I had just been trying to find some classes — secular classes — to get a head start on grad school and some people in a rock-climbing gym recommended I check out their program.

It was obvious when I walked in that this was not a secular institution. It wasn’t entirely traditional ‘Jewish’— people wore shorts, opposed settlements and were openly queer. But at lunch, they all went to pray. A teacher offered to re-circumcise those who had not had a proper bris. Hallway debates revolved around women wearing tzitzit. I felt out of place.

I wasn’t looking to become religious. But all my new friends socialized via Shabbat meals so I began to learn the prayers and songs to avoid having to awkwardly mumble-hum my way through gatherings. And as the rituals became familiar, I began to enjoy them. When I returned to the U.S. for grad school, I continued, and felt increasingly comfortable in the Jewish community.

But not fully. My family’s blithe celebration of Christmas felt like a dirty secret, especially compared to how little attention we paid to most Jewish holidays. So I created an easy way out by returning to Israel each winter break. When else would I have the time to visit my friends? I expected pushback, but there wasn’t any.

As I have gained increased fluency in Judaism, however, I have felt less need to justify my choices. I don’t do Shabbat every week, but I prefer Modern Orthodox services to Reform when I do — and I might go dancing after. They continue to let me into the synagogue.
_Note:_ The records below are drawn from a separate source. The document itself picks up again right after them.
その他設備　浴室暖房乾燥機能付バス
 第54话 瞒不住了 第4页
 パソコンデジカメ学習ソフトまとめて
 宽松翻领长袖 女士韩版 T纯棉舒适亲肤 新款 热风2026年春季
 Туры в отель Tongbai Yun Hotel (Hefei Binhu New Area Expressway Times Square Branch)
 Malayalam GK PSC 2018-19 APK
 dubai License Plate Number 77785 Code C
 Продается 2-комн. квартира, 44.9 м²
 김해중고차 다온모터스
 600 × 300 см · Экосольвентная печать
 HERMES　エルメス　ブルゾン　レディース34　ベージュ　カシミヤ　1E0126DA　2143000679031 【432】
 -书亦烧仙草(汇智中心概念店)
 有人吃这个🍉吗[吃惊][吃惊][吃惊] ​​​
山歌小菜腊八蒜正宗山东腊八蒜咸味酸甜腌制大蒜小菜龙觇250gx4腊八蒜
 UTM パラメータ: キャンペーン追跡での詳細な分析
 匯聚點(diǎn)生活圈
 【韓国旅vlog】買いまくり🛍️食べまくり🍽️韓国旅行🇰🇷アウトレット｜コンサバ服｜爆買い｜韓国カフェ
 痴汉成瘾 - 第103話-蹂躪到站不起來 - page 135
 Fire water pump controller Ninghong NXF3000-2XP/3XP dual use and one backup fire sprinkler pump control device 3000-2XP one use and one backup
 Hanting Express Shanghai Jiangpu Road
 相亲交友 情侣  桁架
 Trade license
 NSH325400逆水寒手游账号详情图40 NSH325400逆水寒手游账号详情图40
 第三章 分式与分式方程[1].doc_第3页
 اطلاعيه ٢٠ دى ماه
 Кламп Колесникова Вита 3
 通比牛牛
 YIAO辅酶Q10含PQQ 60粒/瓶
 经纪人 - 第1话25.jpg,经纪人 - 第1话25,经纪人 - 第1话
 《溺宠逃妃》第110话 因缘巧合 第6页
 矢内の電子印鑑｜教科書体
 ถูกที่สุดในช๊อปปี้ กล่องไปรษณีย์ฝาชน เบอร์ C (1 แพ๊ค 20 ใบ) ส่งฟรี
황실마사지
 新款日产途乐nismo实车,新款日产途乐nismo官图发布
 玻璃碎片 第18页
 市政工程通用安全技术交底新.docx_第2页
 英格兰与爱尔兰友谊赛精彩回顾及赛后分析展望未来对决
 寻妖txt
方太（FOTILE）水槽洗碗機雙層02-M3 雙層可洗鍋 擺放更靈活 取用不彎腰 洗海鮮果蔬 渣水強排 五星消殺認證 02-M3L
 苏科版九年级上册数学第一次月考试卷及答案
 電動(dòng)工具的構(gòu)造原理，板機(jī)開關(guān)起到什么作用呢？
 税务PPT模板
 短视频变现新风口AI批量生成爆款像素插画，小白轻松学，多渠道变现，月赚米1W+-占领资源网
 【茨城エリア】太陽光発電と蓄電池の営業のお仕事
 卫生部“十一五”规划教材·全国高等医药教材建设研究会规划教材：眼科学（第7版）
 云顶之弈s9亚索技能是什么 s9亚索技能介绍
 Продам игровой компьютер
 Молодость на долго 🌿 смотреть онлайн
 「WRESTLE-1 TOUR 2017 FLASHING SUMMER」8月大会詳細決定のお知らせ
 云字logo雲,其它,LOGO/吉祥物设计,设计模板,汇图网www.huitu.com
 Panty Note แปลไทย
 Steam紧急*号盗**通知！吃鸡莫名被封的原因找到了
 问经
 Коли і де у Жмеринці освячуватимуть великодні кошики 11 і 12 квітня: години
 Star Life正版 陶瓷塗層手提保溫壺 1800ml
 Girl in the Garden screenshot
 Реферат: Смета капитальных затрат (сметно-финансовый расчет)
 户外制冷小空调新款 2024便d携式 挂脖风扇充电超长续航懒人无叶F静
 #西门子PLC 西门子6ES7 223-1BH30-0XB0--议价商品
I still have a resistance to Christmas and the way the holiday is pushed on you in the U.S. It is part of a Christian hegemony that I deeply resented even before my Jewish Renaissance. Plus there’s the ravenous capitalism and consumerism it creates. But I no longer feel that I lose some sort of Jewish legitimacy by accepting my family’s traditions; the only thing I might lose is a chance for family connection. If there is space for my other contradictions, why not this one?

So, even though there’s a very convenient excuse to skip Christmas again this year, I’m making my return. After quarantining and several negative tests, I will drive down to D.C., decorate the tree, sing carols, and exchange gifts. There’s no guarantee there won’t be family drama or even another kidney infection. But it’s been a hard year, we need to find connection where we can. And my family finds it around a Christmas tree.